MAÑANA, SÁBADO 20, miles de plazas en los cinco continentes
recordarán al mundo las razones de la paz contra la guerra a
un año exacto del inicio de la invasión a Irak, y a 13 meses
del 15 de febrero de 2003, cuando fueron alrededor de 100
millones las personas que desfilaron bajo los colores del
arco iris. Desde Vancouver, donde hablará el lingüista Noam
Chomsky, a Bombay, sede del último Foro Social Mundial, y
desde Ramstein, la mayor base estadounidense fuera de sus
confines, donde hablará el escritor Günter Grass, hasta
Ramallah, en Cisjordania, gritarán una vez más cómo la
respuesta al terrorismo no puede ser la guerra terrorista
angloestadounidense.
Sin embargo en los nueve días que separan el 20 del 11 de
marzo, el movimiento pacifista ha pasado en pocas horas a
través de una grave crisis.
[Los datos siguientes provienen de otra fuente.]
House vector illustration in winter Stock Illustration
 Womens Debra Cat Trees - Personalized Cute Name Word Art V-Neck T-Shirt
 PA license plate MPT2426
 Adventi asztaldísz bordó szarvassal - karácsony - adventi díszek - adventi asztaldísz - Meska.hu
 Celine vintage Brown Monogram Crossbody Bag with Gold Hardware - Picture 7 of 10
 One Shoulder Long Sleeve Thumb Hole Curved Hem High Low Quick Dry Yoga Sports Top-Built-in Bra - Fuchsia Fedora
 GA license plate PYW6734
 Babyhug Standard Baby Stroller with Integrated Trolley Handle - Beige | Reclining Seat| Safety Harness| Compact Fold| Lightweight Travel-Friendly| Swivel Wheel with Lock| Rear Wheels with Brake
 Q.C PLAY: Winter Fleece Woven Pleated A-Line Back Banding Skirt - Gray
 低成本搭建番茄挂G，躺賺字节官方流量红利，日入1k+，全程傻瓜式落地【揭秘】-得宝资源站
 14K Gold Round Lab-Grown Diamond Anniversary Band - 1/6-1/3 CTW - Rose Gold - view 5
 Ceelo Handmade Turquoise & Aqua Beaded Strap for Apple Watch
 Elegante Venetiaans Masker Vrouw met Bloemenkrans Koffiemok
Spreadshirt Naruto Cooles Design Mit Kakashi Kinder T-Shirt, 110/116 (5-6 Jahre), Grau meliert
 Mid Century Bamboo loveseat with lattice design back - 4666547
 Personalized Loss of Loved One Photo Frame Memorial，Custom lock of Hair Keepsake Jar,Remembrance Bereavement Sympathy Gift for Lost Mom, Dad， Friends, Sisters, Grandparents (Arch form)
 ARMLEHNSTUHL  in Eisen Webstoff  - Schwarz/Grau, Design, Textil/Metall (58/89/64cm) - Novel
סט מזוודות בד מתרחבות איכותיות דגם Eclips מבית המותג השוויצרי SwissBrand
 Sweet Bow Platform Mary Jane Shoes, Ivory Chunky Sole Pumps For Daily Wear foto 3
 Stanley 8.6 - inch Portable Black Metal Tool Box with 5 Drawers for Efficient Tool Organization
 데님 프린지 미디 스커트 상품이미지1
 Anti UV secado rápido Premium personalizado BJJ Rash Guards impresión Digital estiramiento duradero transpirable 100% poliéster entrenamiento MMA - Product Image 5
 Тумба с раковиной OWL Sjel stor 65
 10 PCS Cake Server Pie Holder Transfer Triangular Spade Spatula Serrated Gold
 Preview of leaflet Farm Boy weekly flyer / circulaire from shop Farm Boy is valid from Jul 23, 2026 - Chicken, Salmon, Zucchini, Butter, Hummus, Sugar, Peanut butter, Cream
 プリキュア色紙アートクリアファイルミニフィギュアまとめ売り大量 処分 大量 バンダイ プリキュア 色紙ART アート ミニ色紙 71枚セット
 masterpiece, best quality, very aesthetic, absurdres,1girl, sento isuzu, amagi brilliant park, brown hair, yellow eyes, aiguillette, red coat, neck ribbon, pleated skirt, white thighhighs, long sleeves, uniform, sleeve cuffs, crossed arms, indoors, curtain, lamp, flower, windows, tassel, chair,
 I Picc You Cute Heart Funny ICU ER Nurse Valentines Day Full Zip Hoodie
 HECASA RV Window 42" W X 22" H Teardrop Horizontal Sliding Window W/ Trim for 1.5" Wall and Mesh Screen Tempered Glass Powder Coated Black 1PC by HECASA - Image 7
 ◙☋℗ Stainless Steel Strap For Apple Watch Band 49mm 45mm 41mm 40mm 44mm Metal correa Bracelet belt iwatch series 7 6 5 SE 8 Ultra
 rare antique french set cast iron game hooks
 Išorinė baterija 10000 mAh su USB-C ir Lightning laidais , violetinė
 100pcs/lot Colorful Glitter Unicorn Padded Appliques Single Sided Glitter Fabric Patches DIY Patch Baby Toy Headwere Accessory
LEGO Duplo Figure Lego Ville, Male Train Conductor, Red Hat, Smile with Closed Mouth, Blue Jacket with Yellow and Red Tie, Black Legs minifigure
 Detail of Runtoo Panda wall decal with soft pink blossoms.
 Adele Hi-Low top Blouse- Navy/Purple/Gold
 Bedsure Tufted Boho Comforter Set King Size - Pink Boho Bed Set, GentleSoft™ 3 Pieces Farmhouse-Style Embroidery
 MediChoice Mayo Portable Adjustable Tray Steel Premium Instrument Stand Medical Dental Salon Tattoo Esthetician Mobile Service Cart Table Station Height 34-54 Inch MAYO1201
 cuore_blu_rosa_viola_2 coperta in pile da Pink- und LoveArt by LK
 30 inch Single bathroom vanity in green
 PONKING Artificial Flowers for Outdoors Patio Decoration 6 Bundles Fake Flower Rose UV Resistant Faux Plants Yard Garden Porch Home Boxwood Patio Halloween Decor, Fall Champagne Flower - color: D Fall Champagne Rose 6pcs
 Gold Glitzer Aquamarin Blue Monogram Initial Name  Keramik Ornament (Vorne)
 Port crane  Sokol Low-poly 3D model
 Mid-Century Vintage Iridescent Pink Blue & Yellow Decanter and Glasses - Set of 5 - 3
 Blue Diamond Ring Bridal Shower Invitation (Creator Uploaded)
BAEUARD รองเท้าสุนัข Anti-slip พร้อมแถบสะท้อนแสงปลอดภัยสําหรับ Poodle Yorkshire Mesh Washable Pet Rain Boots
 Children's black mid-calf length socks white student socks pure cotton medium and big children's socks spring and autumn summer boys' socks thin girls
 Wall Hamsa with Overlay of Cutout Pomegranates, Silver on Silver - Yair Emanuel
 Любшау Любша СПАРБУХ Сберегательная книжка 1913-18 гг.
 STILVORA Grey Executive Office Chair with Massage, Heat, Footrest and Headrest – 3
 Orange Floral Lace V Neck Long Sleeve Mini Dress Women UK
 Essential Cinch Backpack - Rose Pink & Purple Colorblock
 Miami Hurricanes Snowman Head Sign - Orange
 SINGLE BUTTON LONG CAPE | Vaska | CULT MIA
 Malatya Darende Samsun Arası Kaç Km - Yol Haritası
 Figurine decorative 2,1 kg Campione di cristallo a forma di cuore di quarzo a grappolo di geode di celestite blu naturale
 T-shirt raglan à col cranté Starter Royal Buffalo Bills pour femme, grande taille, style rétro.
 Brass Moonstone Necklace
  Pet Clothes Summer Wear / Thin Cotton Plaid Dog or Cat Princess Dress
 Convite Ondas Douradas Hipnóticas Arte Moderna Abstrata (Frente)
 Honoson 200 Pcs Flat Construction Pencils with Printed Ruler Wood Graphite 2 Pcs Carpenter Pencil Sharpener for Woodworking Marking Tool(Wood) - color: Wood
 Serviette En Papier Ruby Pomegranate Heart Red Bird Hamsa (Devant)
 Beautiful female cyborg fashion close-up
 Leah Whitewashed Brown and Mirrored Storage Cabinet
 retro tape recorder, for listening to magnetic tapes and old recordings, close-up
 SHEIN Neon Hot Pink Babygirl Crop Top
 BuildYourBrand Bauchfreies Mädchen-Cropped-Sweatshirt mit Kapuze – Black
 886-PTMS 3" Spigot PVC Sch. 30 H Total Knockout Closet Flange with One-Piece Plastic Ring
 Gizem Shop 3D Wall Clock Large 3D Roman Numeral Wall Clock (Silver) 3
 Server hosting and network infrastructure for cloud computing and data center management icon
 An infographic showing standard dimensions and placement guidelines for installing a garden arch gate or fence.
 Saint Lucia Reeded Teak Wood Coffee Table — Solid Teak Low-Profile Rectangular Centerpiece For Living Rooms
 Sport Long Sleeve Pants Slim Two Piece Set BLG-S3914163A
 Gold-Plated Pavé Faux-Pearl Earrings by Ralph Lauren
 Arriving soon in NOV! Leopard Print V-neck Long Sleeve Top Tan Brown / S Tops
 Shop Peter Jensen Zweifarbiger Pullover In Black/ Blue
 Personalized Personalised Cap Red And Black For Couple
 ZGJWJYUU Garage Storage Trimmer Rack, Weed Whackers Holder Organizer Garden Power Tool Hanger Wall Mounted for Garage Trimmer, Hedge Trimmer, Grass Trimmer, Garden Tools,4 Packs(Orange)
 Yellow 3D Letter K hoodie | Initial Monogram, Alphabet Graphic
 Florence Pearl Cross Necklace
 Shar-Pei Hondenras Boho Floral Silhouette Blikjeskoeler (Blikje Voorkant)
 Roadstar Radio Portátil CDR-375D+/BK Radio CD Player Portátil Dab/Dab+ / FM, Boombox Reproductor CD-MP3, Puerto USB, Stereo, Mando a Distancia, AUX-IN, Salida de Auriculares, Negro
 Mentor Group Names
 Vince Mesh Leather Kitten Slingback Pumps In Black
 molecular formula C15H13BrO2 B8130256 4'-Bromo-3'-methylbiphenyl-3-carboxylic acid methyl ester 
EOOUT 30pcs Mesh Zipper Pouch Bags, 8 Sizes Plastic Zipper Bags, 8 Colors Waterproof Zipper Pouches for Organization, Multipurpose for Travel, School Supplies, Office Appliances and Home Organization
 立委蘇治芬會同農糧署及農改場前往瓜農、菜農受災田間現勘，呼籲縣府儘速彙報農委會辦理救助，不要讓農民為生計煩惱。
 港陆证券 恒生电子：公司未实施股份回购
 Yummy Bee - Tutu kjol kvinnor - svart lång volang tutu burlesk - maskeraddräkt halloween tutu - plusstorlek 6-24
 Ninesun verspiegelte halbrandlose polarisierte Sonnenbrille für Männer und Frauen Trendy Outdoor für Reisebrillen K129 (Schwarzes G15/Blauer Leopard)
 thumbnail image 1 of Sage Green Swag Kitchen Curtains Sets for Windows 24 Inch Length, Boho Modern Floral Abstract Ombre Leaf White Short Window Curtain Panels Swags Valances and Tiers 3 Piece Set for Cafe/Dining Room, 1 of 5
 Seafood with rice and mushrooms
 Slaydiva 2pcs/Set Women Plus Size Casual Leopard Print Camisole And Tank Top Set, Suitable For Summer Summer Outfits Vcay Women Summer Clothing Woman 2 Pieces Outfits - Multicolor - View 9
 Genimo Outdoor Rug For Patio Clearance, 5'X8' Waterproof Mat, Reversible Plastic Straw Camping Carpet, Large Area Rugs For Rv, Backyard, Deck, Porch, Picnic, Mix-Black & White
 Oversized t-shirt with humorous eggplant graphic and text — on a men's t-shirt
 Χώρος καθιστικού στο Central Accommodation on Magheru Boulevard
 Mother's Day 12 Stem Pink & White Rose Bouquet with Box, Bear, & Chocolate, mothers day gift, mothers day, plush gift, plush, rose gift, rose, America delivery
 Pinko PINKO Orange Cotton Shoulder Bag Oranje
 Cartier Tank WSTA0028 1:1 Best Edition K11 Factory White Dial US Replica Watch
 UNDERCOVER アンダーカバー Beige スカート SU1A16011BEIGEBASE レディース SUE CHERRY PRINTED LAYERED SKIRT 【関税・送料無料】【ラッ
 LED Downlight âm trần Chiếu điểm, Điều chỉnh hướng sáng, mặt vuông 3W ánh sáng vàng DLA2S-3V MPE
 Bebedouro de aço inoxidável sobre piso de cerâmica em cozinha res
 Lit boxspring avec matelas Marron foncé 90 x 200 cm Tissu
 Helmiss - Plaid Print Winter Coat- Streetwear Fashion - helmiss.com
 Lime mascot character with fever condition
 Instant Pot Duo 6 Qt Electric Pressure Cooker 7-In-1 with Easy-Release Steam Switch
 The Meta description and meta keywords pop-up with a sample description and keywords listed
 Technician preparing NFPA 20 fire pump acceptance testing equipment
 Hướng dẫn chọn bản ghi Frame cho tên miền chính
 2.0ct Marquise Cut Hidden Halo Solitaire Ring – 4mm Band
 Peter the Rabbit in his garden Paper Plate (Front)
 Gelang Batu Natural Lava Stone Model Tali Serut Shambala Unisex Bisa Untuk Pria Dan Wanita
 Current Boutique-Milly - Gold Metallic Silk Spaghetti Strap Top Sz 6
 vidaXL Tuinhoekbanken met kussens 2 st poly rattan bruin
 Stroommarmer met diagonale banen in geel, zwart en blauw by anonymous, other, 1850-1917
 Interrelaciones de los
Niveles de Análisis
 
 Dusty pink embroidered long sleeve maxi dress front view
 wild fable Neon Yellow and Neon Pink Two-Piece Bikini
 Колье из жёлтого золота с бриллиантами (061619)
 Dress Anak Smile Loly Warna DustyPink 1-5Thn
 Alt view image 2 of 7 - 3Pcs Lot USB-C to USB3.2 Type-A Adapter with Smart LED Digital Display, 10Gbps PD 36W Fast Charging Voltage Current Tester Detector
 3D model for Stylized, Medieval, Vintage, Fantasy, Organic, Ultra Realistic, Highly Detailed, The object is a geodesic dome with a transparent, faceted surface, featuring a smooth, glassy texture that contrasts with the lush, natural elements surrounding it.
Ahora sabemos que fue una crisis
de crecimiento pero que también hubiese podido ser mortal y
arrinconar y aislar al movimiento. Aunque ha quedado claro
que la responsabilidad de los atentados del 11 de marzo fue
de la galaxia de Al Qaeda, no está claro que quien haya
pagado el precio más alto –por ahora- sea el mentiroso José
María Aznar. En pocas horas el ataque al corazón de Europa
ha modificado la percepción del terrorismo, llevándolo de un
riesgo teórico a un riesgo cotidiano. Ya en 1986 el
politólogo alemán Ulrick Beck había definido al terrorismo
de masas como un elemento sistémico de nuestras sociedades.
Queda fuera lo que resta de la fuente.